▸ **INFORMATION SHOWN**:

Segment Open

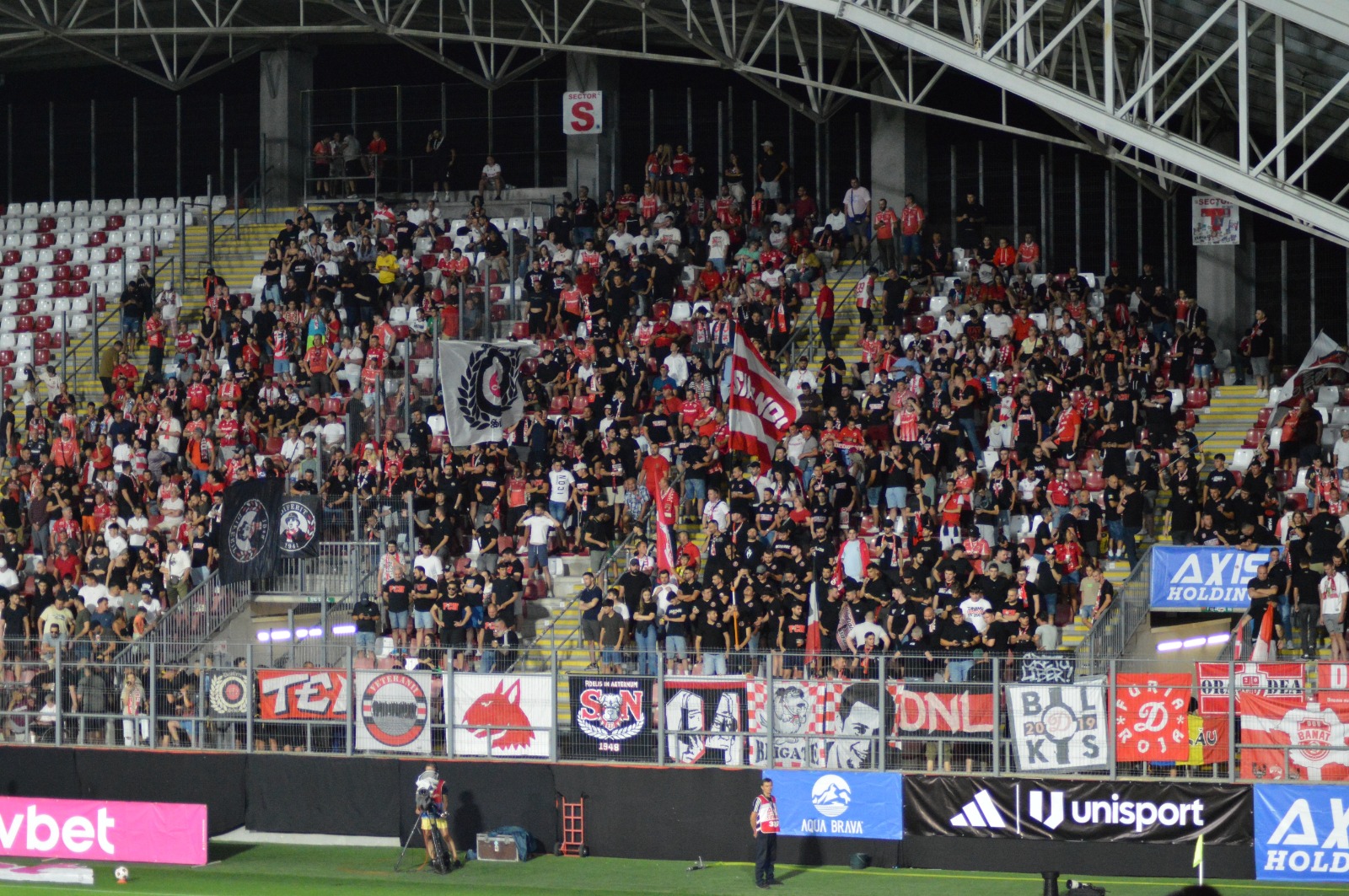 Atmosferă superbă la Arad! Fanii lui Dinamo au făcut spectacol în tribune la meciul cu Corvinul. Foto: FANATIK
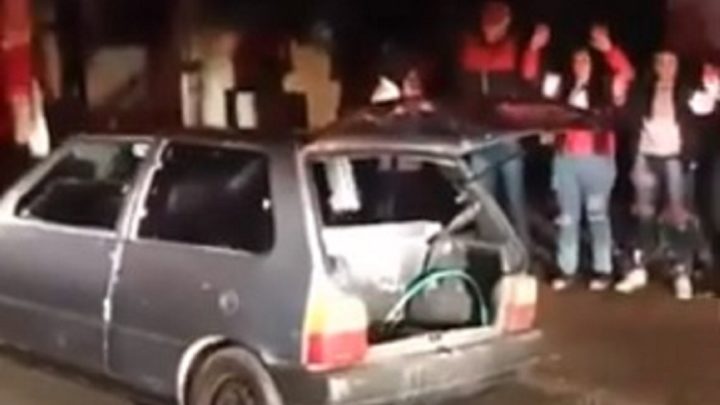 Vídeo: Fiat Uno é flagrado carregando 11 pessoas no Rio Grande do Sul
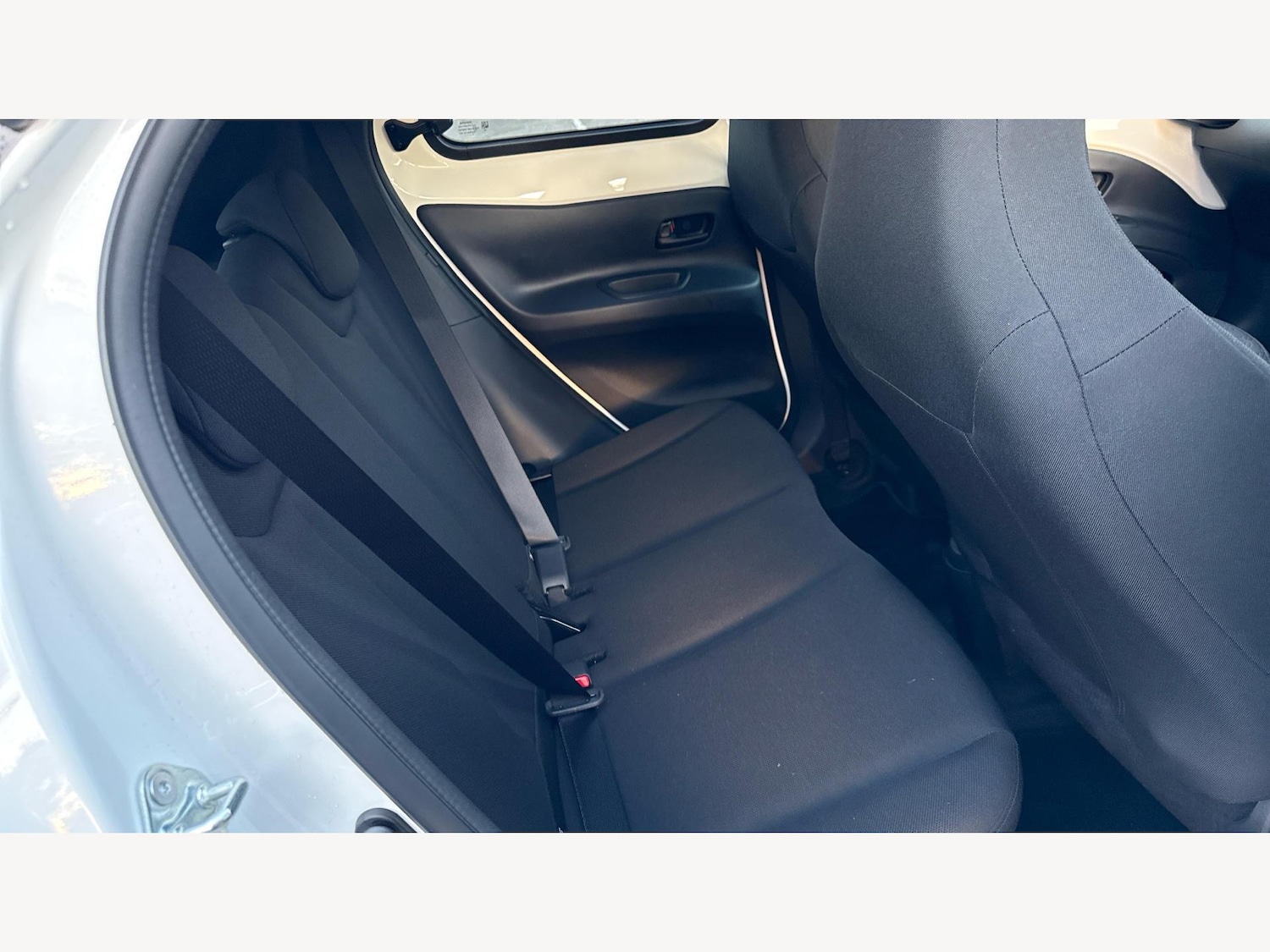 Used Toyota Aygo X 2025 for sale - 76832408: Photo 15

Segment Closed

▸ **WHAT IS NEEDED**: With pictures excluded, copy exactly the lines from the line containing "Vídeo: Fiat Uno" through the last line of the listing above, both ends included.

▸ **FINAL ANSWER**:
 Vídeo: Fiat Uno é flagrado carregando 11 pessoas no Rio Grande do Sul
 Used Toyota Aygo X 2025 for sale - 76832408: Photo 15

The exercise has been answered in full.